- _EXERCISE DESCRIPTION_:
When you reach the line with "I'm going to start" in the records below, begin transcribing exactly and continue up to and including the line with "This concludes the", leaving out every picture.

- _DATA SHOWN_:
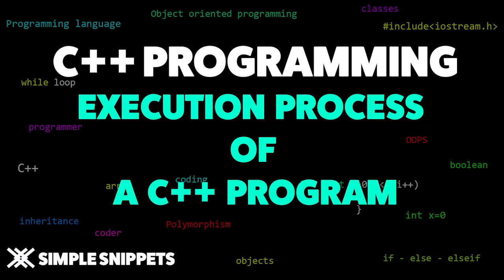Yo guys, Tanmay here for Simple Snippets, back with another video tutorial on C++ programming. This is a theoretical video in which I'm going to cover the topic of execution process of a C++ program.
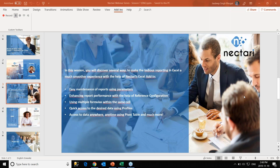Someone mentioned they are using Nectary version 8.1.15, which is quite an older version. I would advise updating to version 9 — this entire Nectary webinar series has been on version 9. Please contact your account manager and we'll be happy to help you with the update.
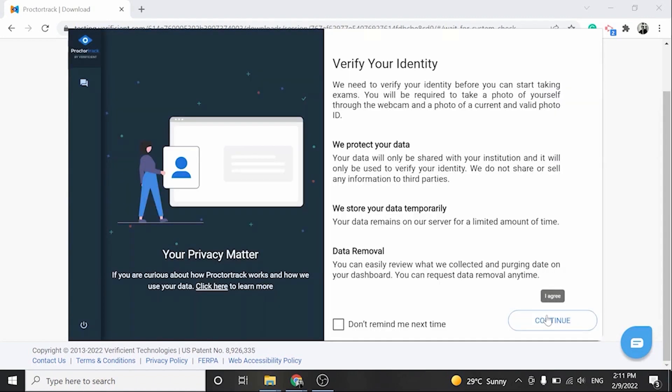Here you have a quick overview of how we collect, protect, and purge our data. You can click here to learn more, or click on Continue.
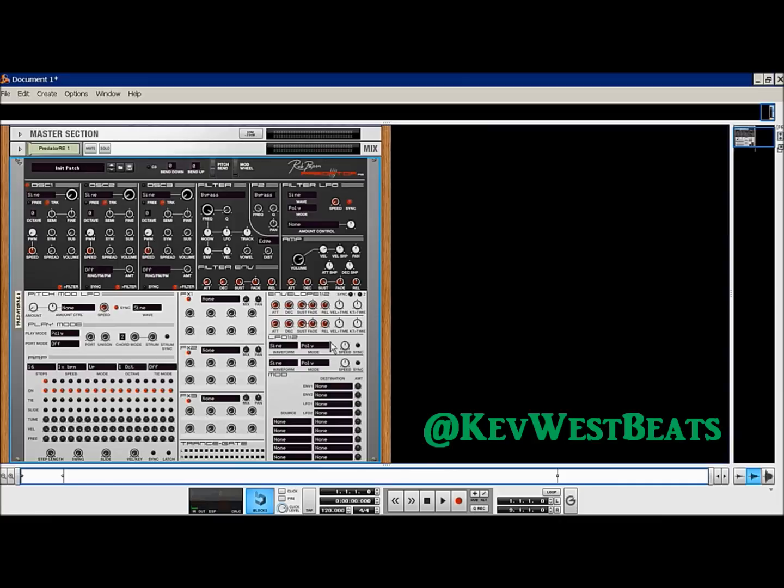What's good? It's Kev here with KevWestBeats.com and I am very, very, very excited today. If you guys can't see it on the screen, Predator is here — the rack extension version by Rob Papen. This is the rack extension I have been waiting for since Rob announced he was going to do one. I kind of wish he would have done Albino, but I will settle for Predator, because I've been very excited about this rack extension and I am glad to see that it's finally here.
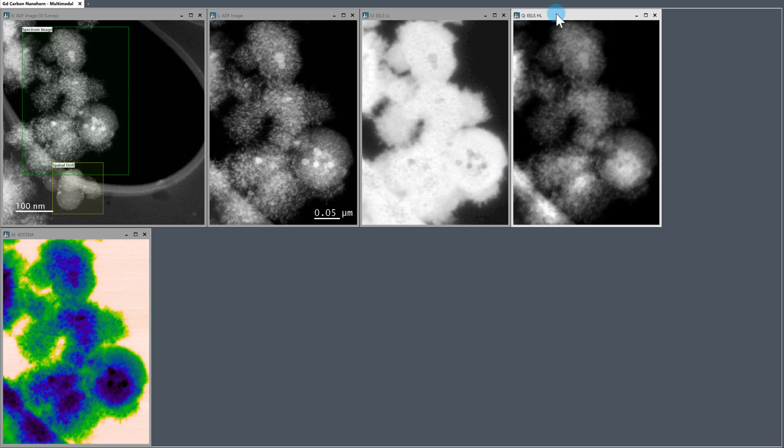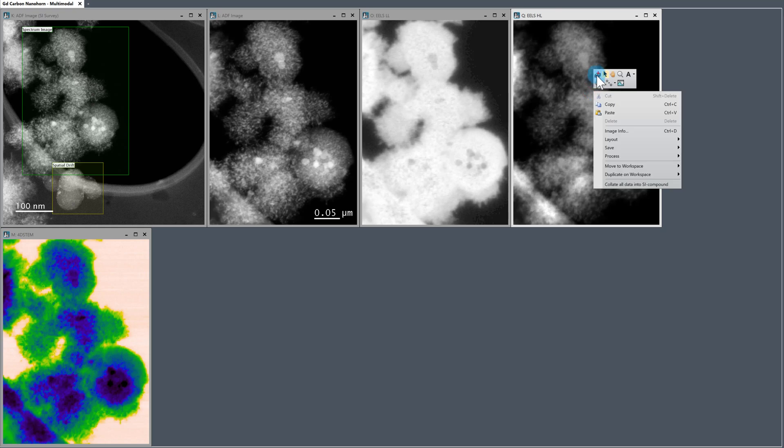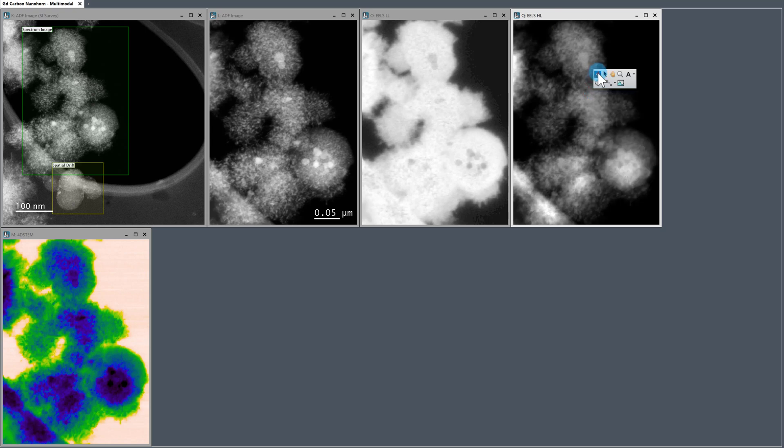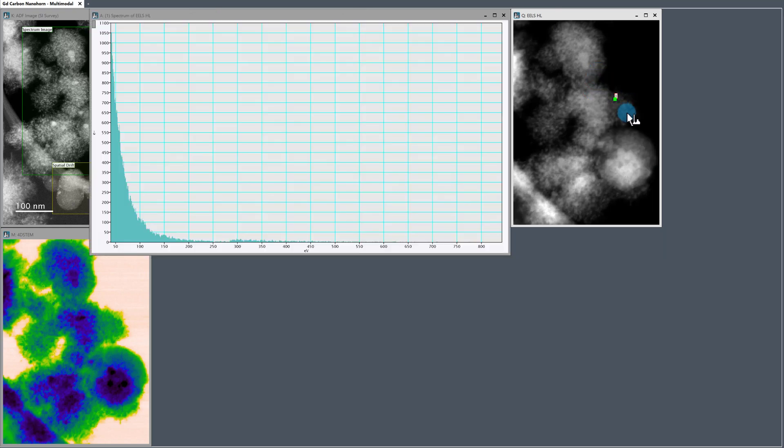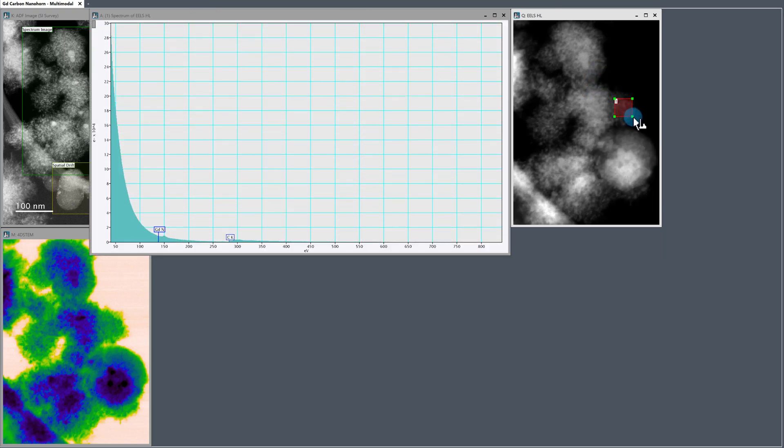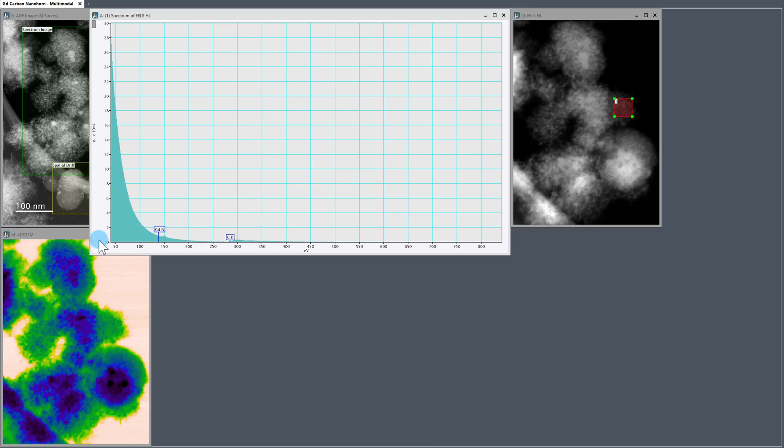I'm going to start off with the EELS high-loss and do some mapping. So right-click, use a spectrum picker tool, and let's sum the energy loss spectra from this region here.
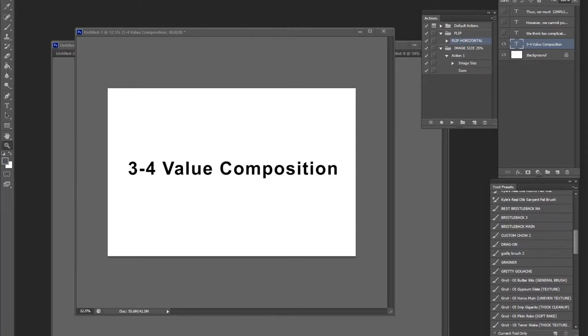So this week, I'm going to talk about value composition, and more specifically, it's going to be a three to four value composition.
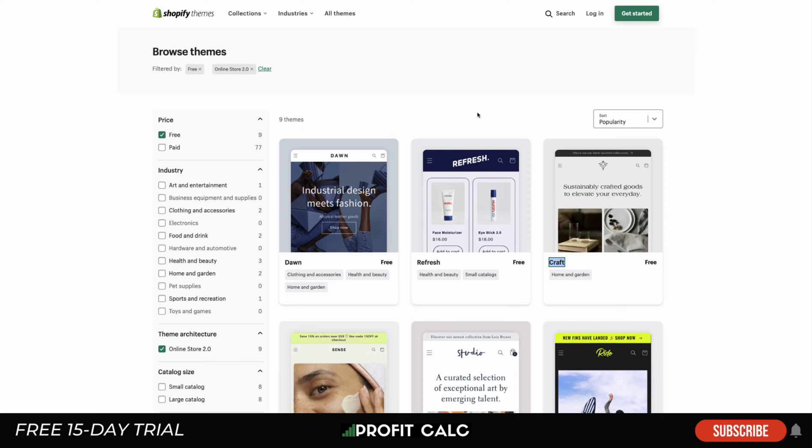This concludes the video on the best free Shopify themes for 2022. I hope you enjoyed it — if you did, hit that like and subscribe button below. Make sure to check out Profit Calc, the one-click profit calculator for Shopify; there's a link in the description. Thank you so much for watching and I'll see you in the next video.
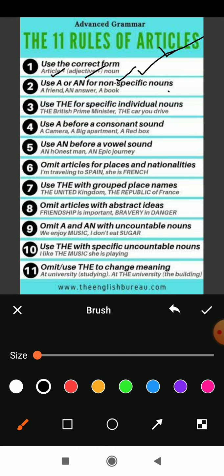Rule two: use 'a' or 'an' for non-specific nouns. For indefinite nouns, as we discussed previously, 'a' or 'an' is compulsory. For example, 'a friend' — which friend? It is unspecific, so it is only 'a friend'. And 'an answer' — answer begins with A which is a vowel sound, so that is why we use 'an answer'. 'A book' — B is a consonant, and which book and where it is kept is not mentioned, so it is considered unspecific: 'a book'.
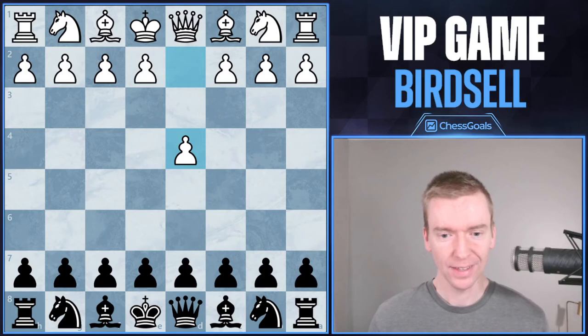Welcome back to the Chess Goals YouTube channel. In today's video, we're going to go over a 30 plus 30 game from VIP member Birdsell. He had the black pieces in this game, and he's using the Chess Goals Dynamics Law of Repertoire against the London system.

- _TASK ANSWER_:
I'm going to start off with the EELS high-loss and do some mapping. So right-click, use a spectrum picker tool, and let's sum the energy loss spectra from this region here.
So this week, I'm going to talk about value composition, and more specifically, it's going to be a three to four value composition.
This concludes the video on the best free Shopify themes for 2022. I hope you enjoyed it — if you did, hit that like and subscribe button below. Make sure to check out Profit Calc, the one-click profit calculator for Shopify; there's a link in the description. Thank you so much for watching and I'll see you in the next video.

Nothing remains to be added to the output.